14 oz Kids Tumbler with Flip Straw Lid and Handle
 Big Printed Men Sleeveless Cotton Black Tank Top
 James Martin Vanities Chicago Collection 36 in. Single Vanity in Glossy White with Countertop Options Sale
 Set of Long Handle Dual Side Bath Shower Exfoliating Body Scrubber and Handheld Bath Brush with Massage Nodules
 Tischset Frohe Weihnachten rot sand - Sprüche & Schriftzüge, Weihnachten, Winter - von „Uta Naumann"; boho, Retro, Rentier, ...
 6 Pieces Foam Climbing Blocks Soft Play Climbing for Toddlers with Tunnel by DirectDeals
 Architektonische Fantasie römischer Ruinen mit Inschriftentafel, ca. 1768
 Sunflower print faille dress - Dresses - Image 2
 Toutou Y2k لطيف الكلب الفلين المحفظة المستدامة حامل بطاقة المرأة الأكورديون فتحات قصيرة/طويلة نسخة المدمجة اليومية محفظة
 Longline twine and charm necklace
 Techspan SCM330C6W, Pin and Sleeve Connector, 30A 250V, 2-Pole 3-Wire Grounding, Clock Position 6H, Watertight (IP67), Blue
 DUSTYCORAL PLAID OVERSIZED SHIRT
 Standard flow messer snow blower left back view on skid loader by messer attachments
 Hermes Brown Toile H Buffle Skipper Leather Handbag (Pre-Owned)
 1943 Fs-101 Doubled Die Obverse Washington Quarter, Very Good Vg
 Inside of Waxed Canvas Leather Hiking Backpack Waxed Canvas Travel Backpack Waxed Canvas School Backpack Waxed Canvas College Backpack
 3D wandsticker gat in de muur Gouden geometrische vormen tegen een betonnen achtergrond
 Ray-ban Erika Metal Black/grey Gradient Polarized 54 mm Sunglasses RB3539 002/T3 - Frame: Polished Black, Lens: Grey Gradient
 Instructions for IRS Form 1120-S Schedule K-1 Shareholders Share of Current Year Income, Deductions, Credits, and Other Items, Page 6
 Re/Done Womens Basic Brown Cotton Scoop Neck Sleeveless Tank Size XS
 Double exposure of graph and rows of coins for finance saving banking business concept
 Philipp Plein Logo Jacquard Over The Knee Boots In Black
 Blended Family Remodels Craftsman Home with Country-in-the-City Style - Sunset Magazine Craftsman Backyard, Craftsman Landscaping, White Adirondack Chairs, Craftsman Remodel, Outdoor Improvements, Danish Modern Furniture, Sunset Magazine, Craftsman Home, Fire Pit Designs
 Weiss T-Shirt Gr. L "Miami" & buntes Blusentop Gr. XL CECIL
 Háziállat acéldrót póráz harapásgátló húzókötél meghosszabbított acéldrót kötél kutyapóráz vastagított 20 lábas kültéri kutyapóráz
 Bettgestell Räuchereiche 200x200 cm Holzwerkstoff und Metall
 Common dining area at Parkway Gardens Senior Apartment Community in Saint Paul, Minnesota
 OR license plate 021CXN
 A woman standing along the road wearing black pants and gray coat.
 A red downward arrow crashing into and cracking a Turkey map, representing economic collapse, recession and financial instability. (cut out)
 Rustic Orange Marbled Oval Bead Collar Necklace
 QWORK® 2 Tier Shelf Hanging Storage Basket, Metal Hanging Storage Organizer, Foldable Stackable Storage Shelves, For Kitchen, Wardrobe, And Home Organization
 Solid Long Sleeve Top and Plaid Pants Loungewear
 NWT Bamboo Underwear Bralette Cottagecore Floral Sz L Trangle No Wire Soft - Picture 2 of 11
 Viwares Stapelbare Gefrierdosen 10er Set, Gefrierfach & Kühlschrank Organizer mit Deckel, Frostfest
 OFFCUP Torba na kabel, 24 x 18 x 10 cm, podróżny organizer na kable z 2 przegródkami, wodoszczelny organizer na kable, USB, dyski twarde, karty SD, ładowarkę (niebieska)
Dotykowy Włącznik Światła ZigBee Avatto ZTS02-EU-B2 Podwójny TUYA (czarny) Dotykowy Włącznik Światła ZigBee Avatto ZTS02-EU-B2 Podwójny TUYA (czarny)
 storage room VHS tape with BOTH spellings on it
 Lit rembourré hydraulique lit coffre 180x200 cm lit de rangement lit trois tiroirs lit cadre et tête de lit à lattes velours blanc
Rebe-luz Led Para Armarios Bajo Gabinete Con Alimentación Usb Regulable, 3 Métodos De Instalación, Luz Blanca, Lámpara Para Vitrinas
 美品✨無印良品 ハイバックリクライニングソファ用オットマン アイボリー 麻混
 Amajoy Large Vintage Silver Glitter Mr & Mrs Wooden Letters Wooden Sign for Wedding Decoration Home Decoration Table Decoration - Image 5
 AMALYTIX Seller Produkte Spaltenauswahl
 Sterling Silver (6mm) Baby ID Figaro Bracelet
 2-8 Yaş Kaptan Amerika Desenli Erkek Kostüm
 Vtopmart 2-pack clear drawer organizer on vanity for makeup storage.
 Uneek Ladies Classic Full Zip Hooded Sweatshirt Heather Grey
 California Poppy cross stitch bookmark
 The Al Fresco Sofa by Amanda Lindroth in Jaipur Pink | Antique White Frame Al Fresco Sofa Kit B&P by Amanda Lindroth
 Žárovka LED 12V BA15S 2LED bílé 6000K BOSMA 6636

> [PROBLEM DETAILS]: Please give back exactly the lines of the listing above that run from the one containing "Háziállat acéldrót póráz" through the one containing "California Poppy cross stitch bookmark", and only those.

> [SOLUTION BELOW]:
 Háziállat acéldrót póráz harapásgátló húzókötél meghosszabbított acéldrót kötél kutyapóráz vastagított 20 lábas kültéri kutyapóráz
 Bettgestell Räuchereiche 200x200 cm Holzwerkstoff und Metall
 Common dining area at Parkway Gardens Senior Apartment Community in Saint Paul, Minnesota
 OR license plate 021CXN
 A woman standing along the road wearing black pants and gray coat.
 A red downward arrow crashing into and cracking a Turkey map, representing economic collapse, recession and financial instability. (cut out)
 Rustic Orange Marbled Oval Bead Collar Necklace
 QWORK® 2 Tier Shelf Hanging Storage Basket, Metal Hanging Storage Organizer, Foldable Stackable Storage Shelves, For Kitchen, Wardrobe, And Home Organization
 Solid Long Sleeve Top and Plaid Pants Loungewear
 NWT Bamboo Underwear Bralette Cottagecore Floral Sz L Trangle No Wire Soft - Picture 2 of 11
 Viwares Stapelbare Gefrierdosen 10er Set, Gefrierfach & Kühlschrank Organizer mit Deckel, Frostfest
 OFFCUP Torba na kabel, 24 x 18 x 10 cm, podróżny organizer na kable z 2 przegródkami, wodoszczelny organizer na kable, USB, dyski twarde, karty SD, ładowarkę (niebieska)
Dotykowy Włącznik Światła ZigBee Avatto ZTS02-EU-B2 Podwójny TUYA (czarny) Dotykowy Włącznik Światła ZigBee Avatto ZTS02-EU-B2 Podwójny TUYA (czarny)
 storage room VHS tape with BOTH spellings on it
 Lit rembourré hydraulique lit coffre 180x200 cm lit de rangement lit trois tiroirs lit cadre et tête de lit à lattes velours blanc
Rebe-luz Led Para Armarios Bajo Gabinete Con Alimentación Usb Regulable, 3 Métodos De Instalación, Luz Blanca, Lámpara Para Vitrinas
 美品✨無印良品 ハイバックリクライニングソファ用オットマン アイボリー 麻混
 Amajoy Large Vintage Silver Glitter Mr & Mrs Wooden Letters Wooden Sign for Wedding Decoration Home Decoration Table Decoration - Image 5
 AMALYTIX Seller Produkte Spaltenauswahl
 Sterling Silver (6mm) Baby ID Figaro Bracelet
 2-8 Yaş Kaptan Amerika Desenli Erkek Kostüm
 Vtopmart 2-pack clear drawer organizer on vanity for makeup storage.
 Uneek Ladies Classic Full Zip Hooded Sweatshirt Heather Grey
 California Poppy cross stitch bookmark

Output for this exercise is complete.